The most obvious symptoms of Hepatitis A, B or C are fever, loss of appetite and nausea. If it’s left untreated, the symptoms get more severe — including dark urine, pale stool and yellow discolouration of skin.
HIV & AIDS
Acquired Immune Deficiency Syndrome (AIDS), which is caused due to the transmission of the Human Immunodeficiency Virus (HIV), does not have any specific symptoms, but general symptoms include fatigue, headaches, fever and enlarged lymph nodes.
Not all diseases, STDs included, show symptoms. You could have a certain condition and not display any rash, itching, swelling, pain, or any symptoms for that matter. In fact, many STDs go unnoticed for a long time because their symptoms are not immediately clear. For instance, you may think that if a person has herpes, they will show warts or blisters, but this isn’t always the case. Don’t go just by external appearances as they can be very deceiving. Also, syphilis has been called ‘the great imitator’ because its symptoms resemble symptoms of a host of other conditions — so, your best bet is to stay well-informed.
Hard facts about STDs
Dr. Jaria sheds some light on a few myths in India surrounding STDs. “I would rather clarify a few aspects of STDs as absolute facts,” he says, giving us information to lay to rest any misconceptions you might have about STDs.
- There is no immunity to STDs and recurrence can and in several circumstances, does occur.
- The absence of symptoms does not mean the absence of an STD.
- A contraceptive pill (such as the iPill) DOES NOT prevent the transmission of STDs.
- Most viral STDs have no cure, but most bacterial STDs are curable.
- Women develop more serious health problems from STDs, but men aren’t spared either.
- STDs occur more commonly among people who are younger than 25-years-old.
- The incidence of STDs is on the rise in India and one of the reasons for this is that people are experimenting with sex at an earlier age with many partners, without feeling the need to equip oneself with the necessary protective knowledge.

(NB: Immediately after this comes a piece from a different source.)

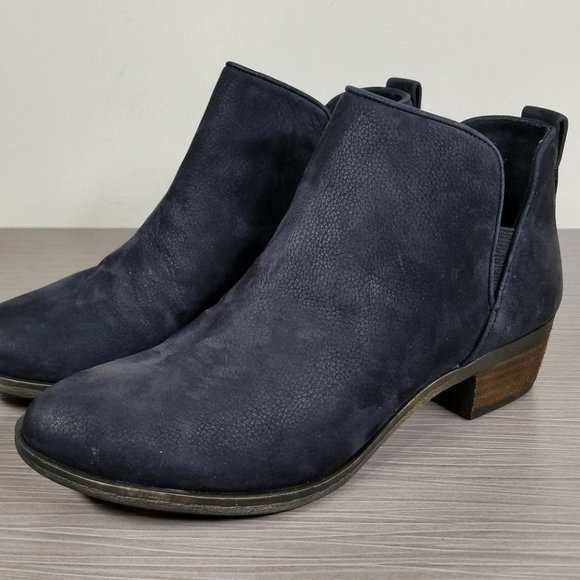 BP. Francine Split Shaft Bootie, Black Leather, Womens Size 5 & 5.5 M - Picture 1 of 11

If you want the best chance of protecting yourself against STI and STDs, here’s what you need to know.
Dr. Jaria advises that protection such as condoms always be used, even if the activity you are engaging in doesn’t involve intercourse. He explains, “Use a condom in any and all situations. I cannot over-stress their use as a very significant protective mechanism.”

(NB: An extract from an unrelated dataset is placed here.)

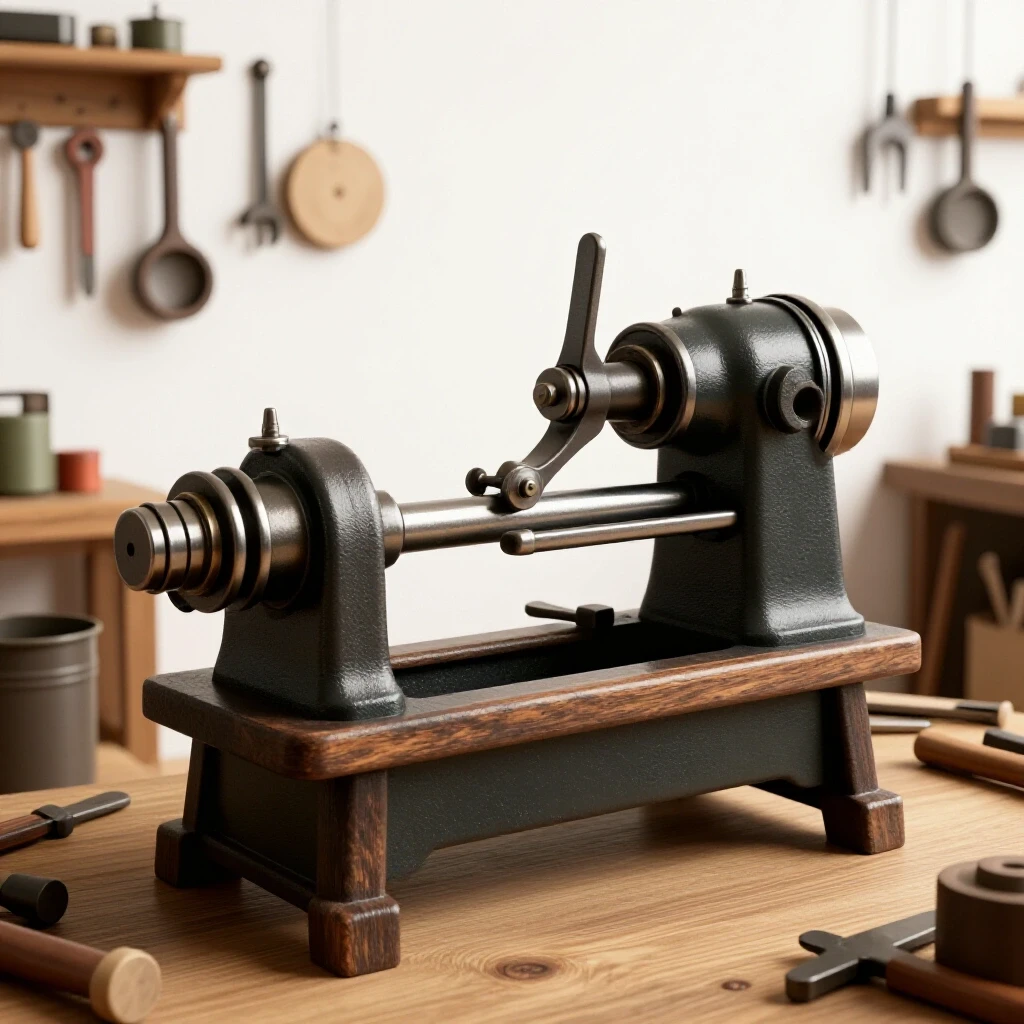 A vintage machine tool in a rustic workshop setting surrounded by various DIY tools and materials, evoking nostalgia.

Okay, so you know what to do when it comes to the bedroom, but what about in general? Dr. Jaria says, “Ensure that you pay special attention to the hygiene standards followed when visiting barbers, hair dressers, hospitals, doctors, clinics and tattoo artists. Use plastic shields in public toilets or squat rather than sit on them. Avoid sharing towels and toiletries — use liquid soap rather than a bar of soap.”